◆ Exercise goal ◆
Only one stretch of the material below is wanted: everything from the line containing "Een 15-tal reservisten" down to the line containing "Pu&ograve; includere: Una", both ends included. Repeat it exactly and skip the pictures.

◆ Entries shown ◆
───

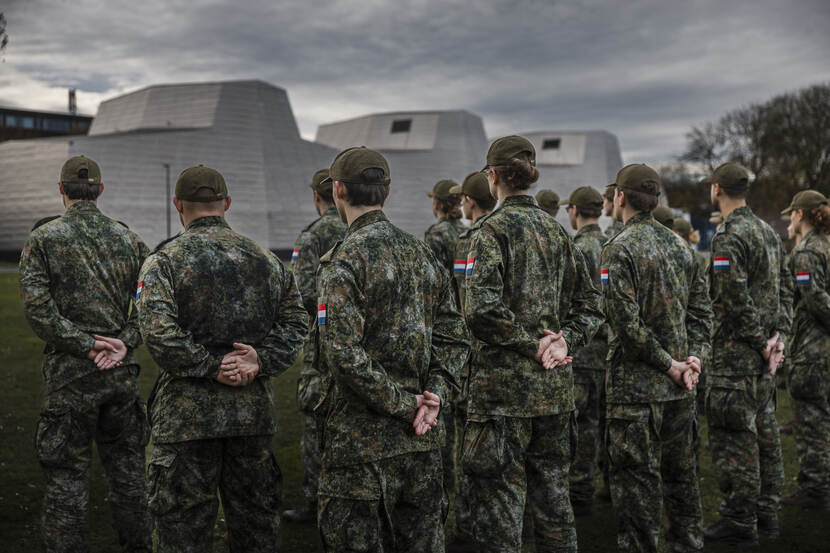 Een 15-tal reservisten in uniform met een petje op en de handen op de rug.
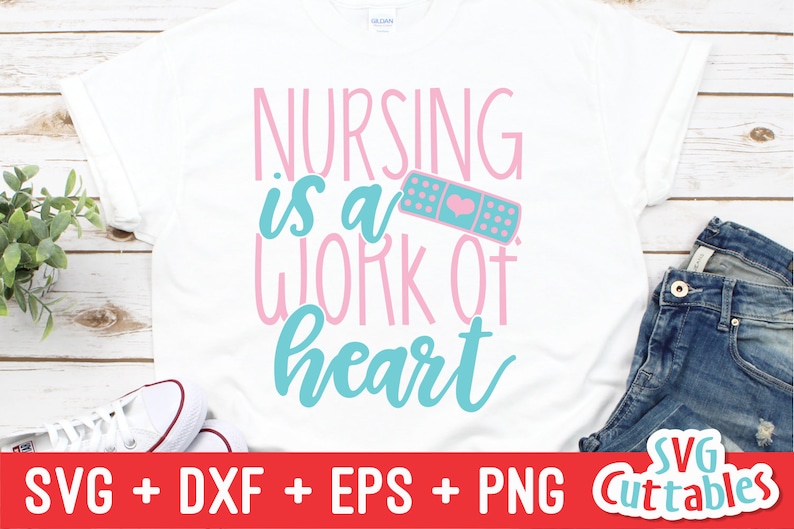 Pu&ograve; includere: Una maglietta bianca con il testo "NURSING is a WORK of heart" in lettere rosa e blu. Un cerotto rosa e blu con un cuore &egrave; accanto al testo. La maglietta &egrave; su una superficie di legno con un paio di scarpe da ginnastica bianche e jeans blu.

───

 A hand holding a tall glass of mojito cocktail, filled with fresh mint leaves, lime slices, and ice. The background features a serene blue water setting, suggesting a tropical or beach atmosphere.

───

◆ Answer space ◆
 Een 15-tal reservisten in uniform met een petje op en de handen op de rug.
 Pu&ograve; includere: Una maglietta bianca con il testo "NURSING is a WORK of heart" in lettere rosa e blu. Un cerotto rosa e blu con un cuore &egrave; accanto al testo. La maglietta &egrave; su una superficie di legno con un paio di scarpe da ginnastica bianche e jeans blu.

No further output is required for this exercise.